Here’s the latest guidance from the federal government to oil companies applying for new deepwater drilling permits. This document focuses on the two new well-containment devices rolled out last month, and mentions a new software tool BOEMRE is relying on to evaluate the risk posed by individual deepwater wells should they blow out. There is no link to the software so nobody can assess how robust it is; and, given BOEMRE’s silence on these topics, it seems likely that:
1) Neither of the well-containment devices we’re now relying on has actually been deployed and field-tested to see if it can reliably function in real Gulf deepwater conditions.
2) BOEMRE is ignoring oil spill cleanup technology, techniques and capacity, and is going forward with high-risk, high-pressure well permits in ultradeep waters far offshore, ensuring the same poor cleanup performance for the next major spill that we experienced with Exxon Valdez and the BP spill. (Recall that there could be 65 million gallons of oil spilled during the 2-3 weeks required to assemble and deploy one of the new containment devices, assuming they work perfectly on the first try.)
Assuming they actually do work, it is progress to have better well-containment options. Especially since we now know that blowout preventers – that previous bit of miracle technology we faithfully relied on – are fundamentally flawed by design, unable to reliably function at the fluid pressures and temperatures likely to be encountered in deep wells that go out of control.
But well containment is irrelevant for other risks that commonly cause major spills, like tanker accidents and intentional sabotage. Petrobras is developing their Cascade and Chinook deepwater oil and gas finds in the Gulf of Mexico using an FPSO (essentially a stationary oil tanker), the BW Pioneer, which can hold 25 million gallons. Other tankers will regularly unload crude from the Pioneer and shuttle it back to port (Galveston?). The Cascade and Chinook wells are 150 miles offshore in water 8,000-9,000 feet deep and drilled to total depth of 27,000 feet (for comparison, BP’s failed Macondo well that sank the Deepwater Horizon rig last April was just 40 miles offshore, in water 5,000 feet deep and drilled to total depth of 18,000 feet). Petrobras expects to initially produce 3.4 million gallons per day combined from its two wells. (BP’s Macondo well initially spilled 2.6 million gallons per day.)
This clip is a bit long, but Rachel Maddow got Noble Energy’s Regional Oil Spill Response Plan that accompanied their permit to resume deepwater drilling, the first permit BOEMRE approved since the BP spill. This plan should include cleanup details. The plan is dated September 2009, seven months before the BP spill, and includes no new information or plans, according to Maddow.

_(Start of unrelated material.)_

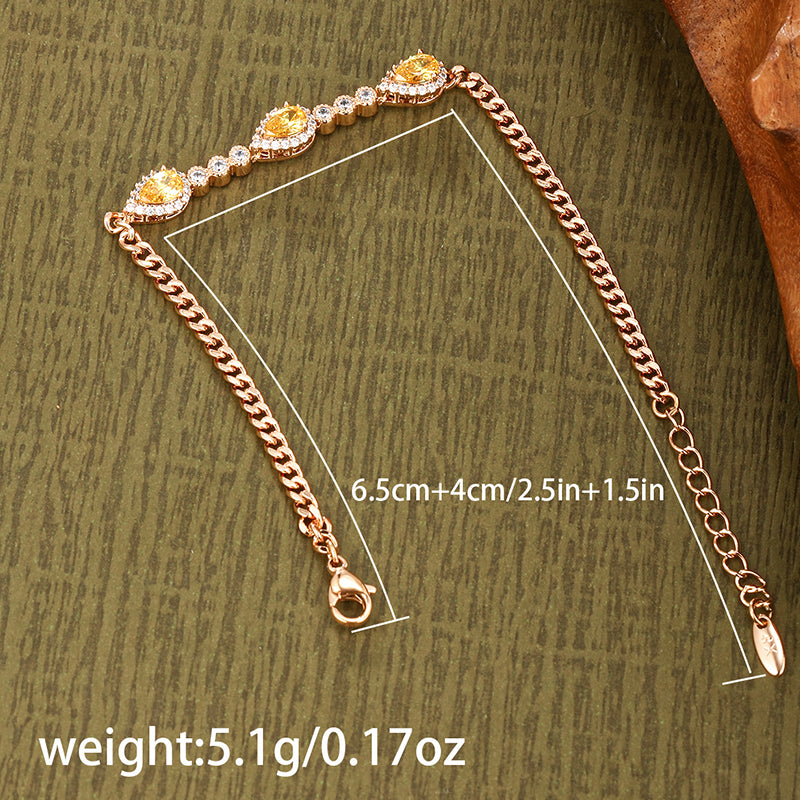 Luxurious Xuping Geometric 18k Gold Plated Artificial Diamond Alloy Wholesale Bracelets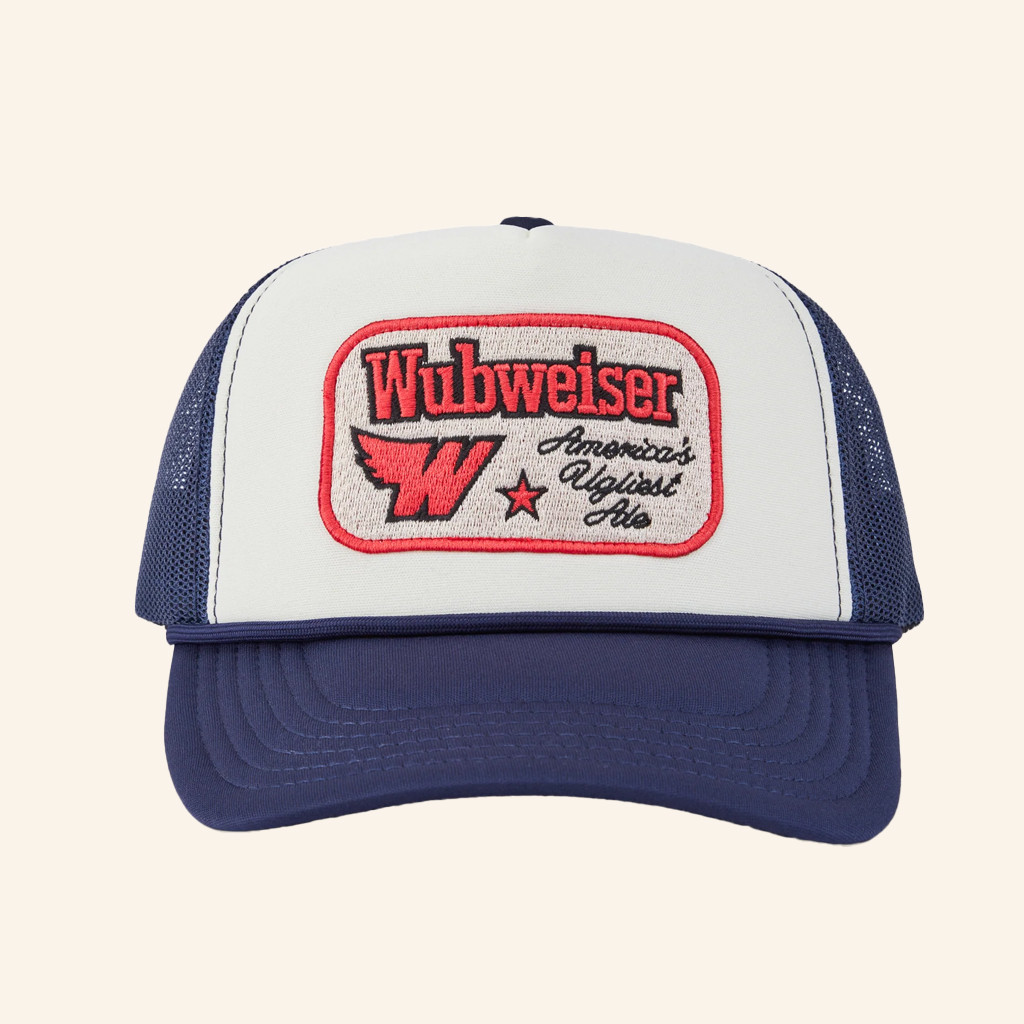 PayMoneyWubby Merch Wubweiser Wing Foam Trucker Hat Embroidered Gifts For Dad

So how can BOEMRE express such confidence in the ability to safely and effectively respond to a worst-case spill scenario if we’re still relying on old cleanup plans that gave us scenes like this? And why is this information so difficult for us ordinary folks to come by?
[This article has been updated to replace some broken links with archived material on Internet Archive’s Wayback Machine.]